So here we are, yet another celebrity death in this curious year that seems littered with far too many thus far. This came as a shock though, particularly as the Purple One has been looking in good health and performing in recent weeks. He even lately appeared to be Benjamin Button-ing and growing younger. So on a day the Queen’s 90th birthday was being celebrated, you could be forgiven for expecting the Prince to be around for a long while yet.
The world has lost the greatest musician of his era and a modern day Beethoven, end of. He was not just a musician but a fantastic songwriter, producer, entertainer and all around creative. With ease, he personified the image and guitar playing prowess of Hendrix, the Funk and dance moves of James Brown, the fashion and sexual ambiguity of Bowie and the lyrical prowess of Dylan in one small package.
Personally, he was my main musical inspiration and spurred me on to learn to play numerous musical instruments like him. Before Prince, musicians generally were master of one instrument and dabbled with other instruments, after Prince, the bar was raised. Multi-instrumentalist was the name of the game, meaning you didn’t just stopped at the guitar lessons, you had to carry on. He established the same trend for producing your music by your own damn self which is commonplace today but was a novelty when he first came onto the scene.
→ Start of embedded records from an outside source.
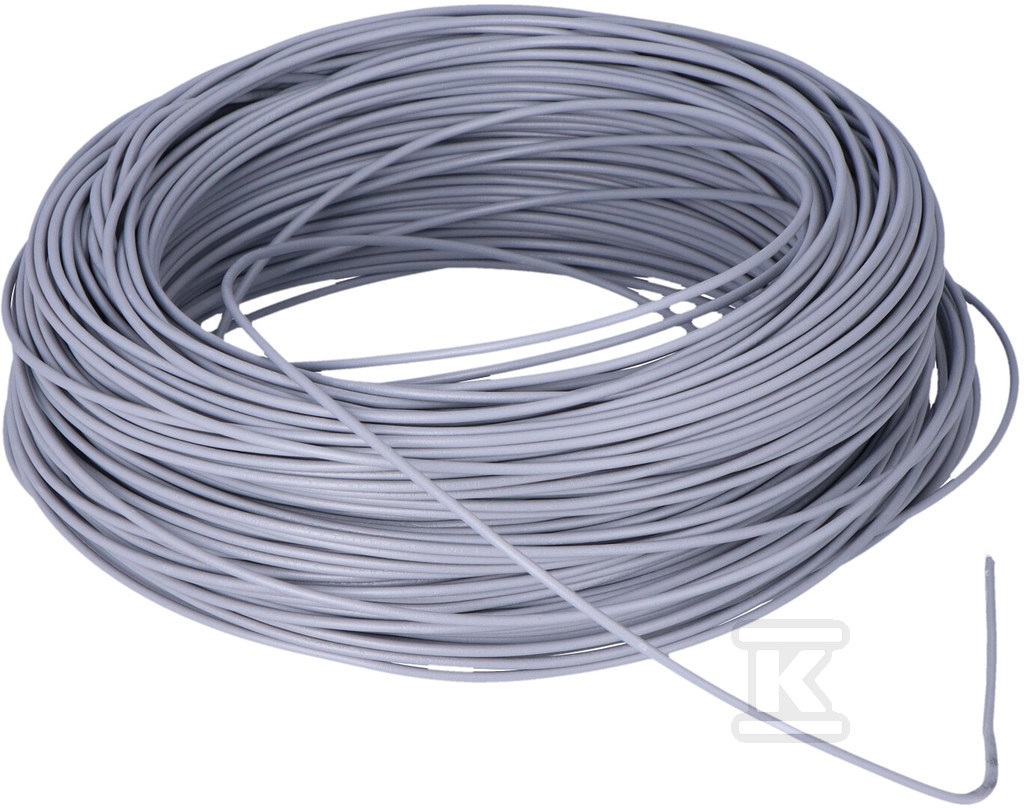 Instalační kabel H05V-K (LGY) 1x0,5 - 4510061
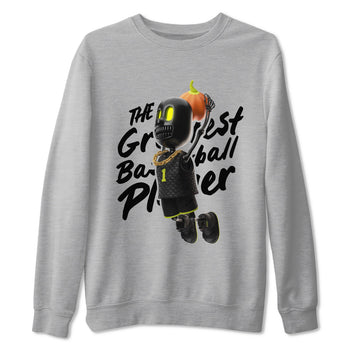 Dunk Mid Premium shirt to match jordans Dunkshot Boy sneaker tees Halloween Night NikeDunk Halloween SNRT Sneaker Release Tees Unisex Heather Grey 2 T-Shirt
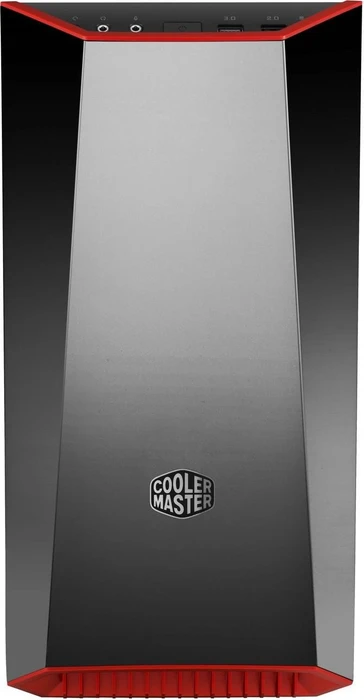 Cooler Master MasterBox Lite 3.1, schwarz, Acrylfenster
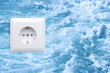 Strom aus Wasserkraft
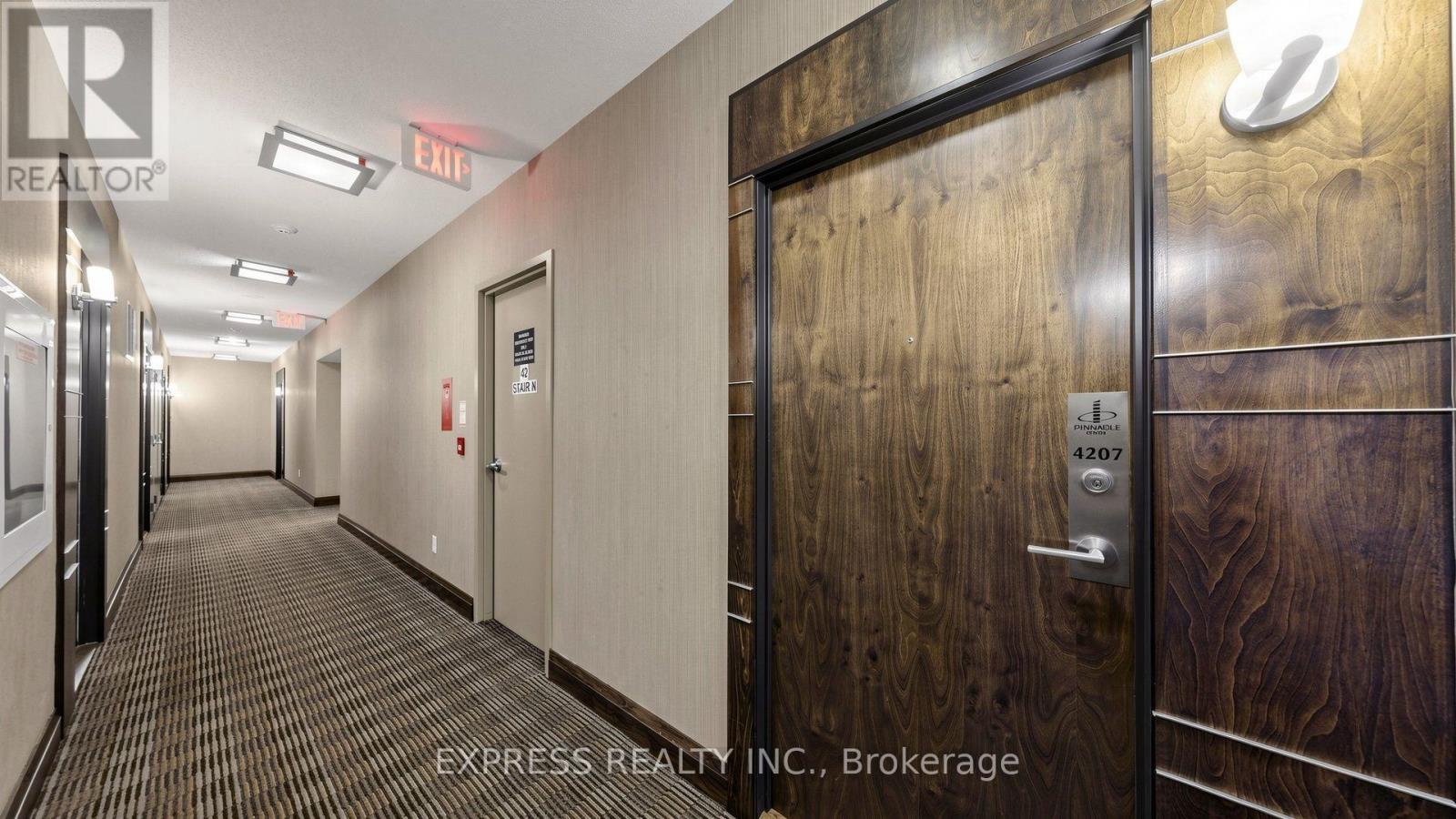4207 - 33 Bay Street, Toronto, Ontario  M5J 2Z3 - Photo 28 - C13663682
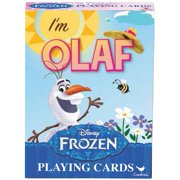 Frozen Playing Card Deck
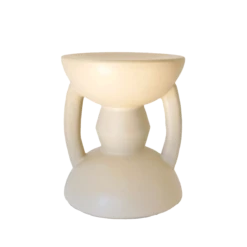 Cloud Mali Hourglass Stool By Justina Blakeneyâ„¢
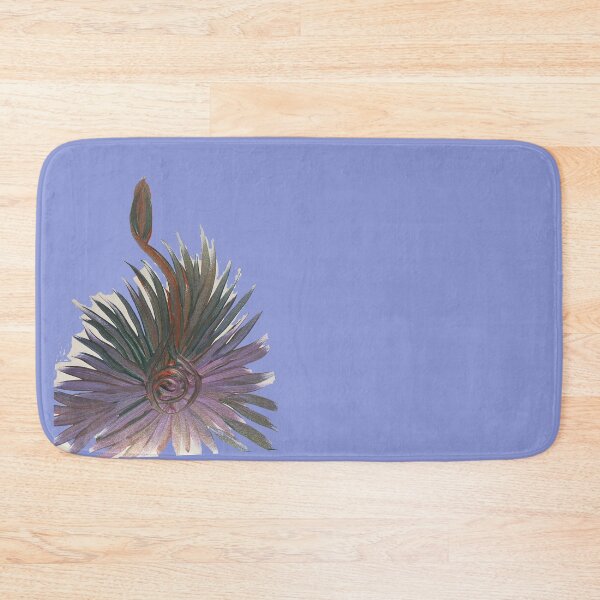 Item preview, Painted Purple Plant designed and sold by KazM.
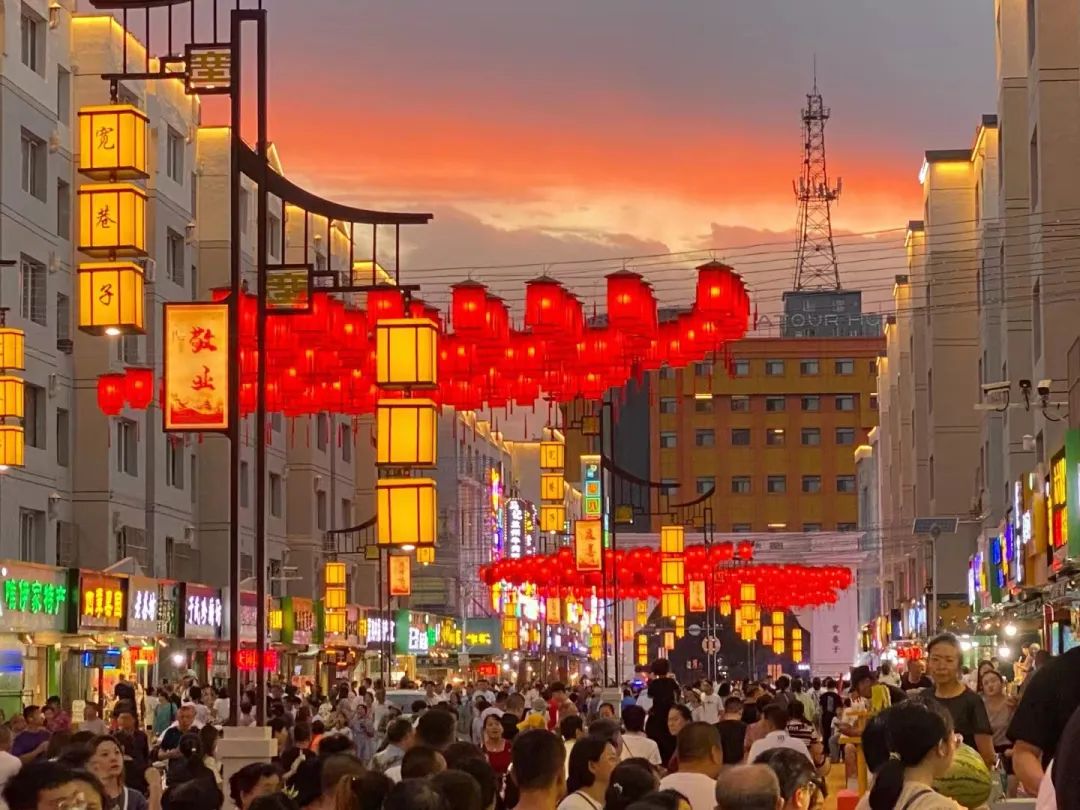 呼和浩特“五一”文旅“热力十足”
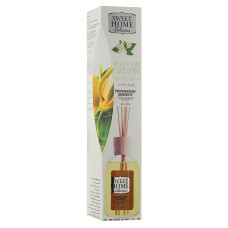 Ароматизатор для дома Sweet Home Jasmine & Ylang Leafs 100 мл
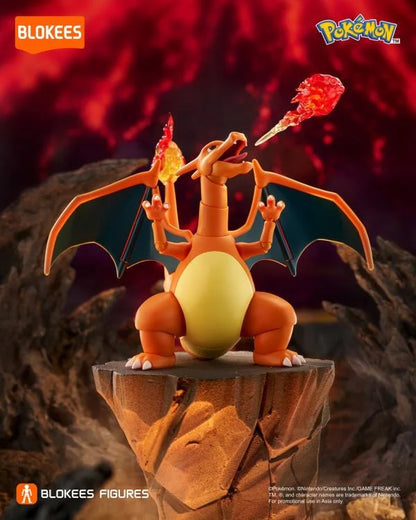 Blokees Model Kit Classic Edition CV-L Charizard - Pokemon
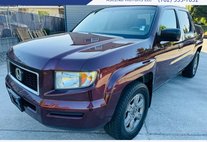 2007 Honda Ridgeline RTX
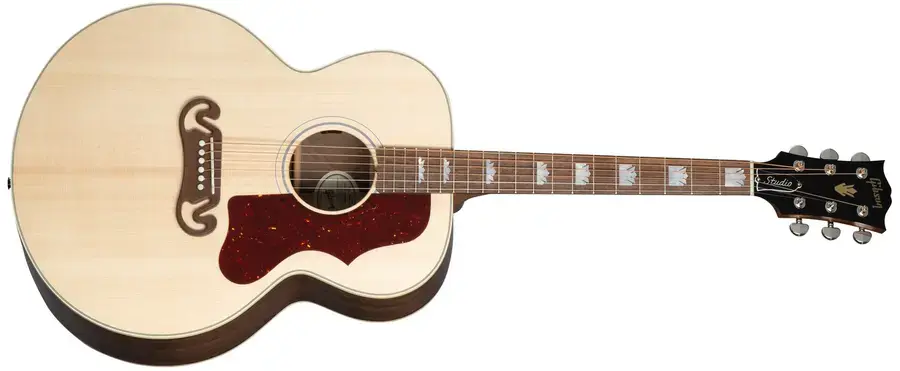 Gibson SJ-200 Studio Walnut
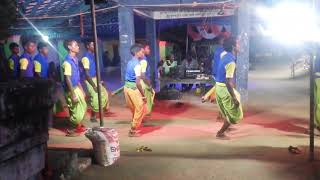 Rangabati sambalpuri song by Jhagarpur kirtan party discokids [upl. by Ahsaz871]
His influence on the industry a whole really cannot be overstated, virtually all R&B songs released in the 80’s had the prince mark on them is some way or the other, whether it be in the synth chords, the synth riffs or the funky Stratocaster rhythm guitars. He spurned an entire generation of musicians emerging out of Minneapolis and single-handedly put that city on the world map. Credit to the measure of the man that he never left his roots for the lure of the East or West coasts; instead he made the world come to the Mid-west.
Just looking at the top Black music producers since of the last 30+ years, his influence is all too obvious. Jimmy Jam & Terry Lewis were his protégés right out of his camp, LA and Babyface were blatantly influenced by Prince (and Cameo) and even today’s top dog, Pharrell Williams has Prince all over his music, from his falsetto vocals to the funky 80’s grooves, punctuated with Prince like rhythm guitars.
I was fortunate enough to watch him twice when he played his 21-night stint at the O2 Arena in London in 2007. The first time, I went with someone, just to appreciate the music. The second time I went purely as a student of music, checking out the techniques, the stage pacing, the showmanship, the instrumental solos, the musical arrangements, even the equipment used. Suffice to say I left the O2 telling myself what I always knew, I will never be as good as Prince, he was born to do this, I can’t even practice it or buy it.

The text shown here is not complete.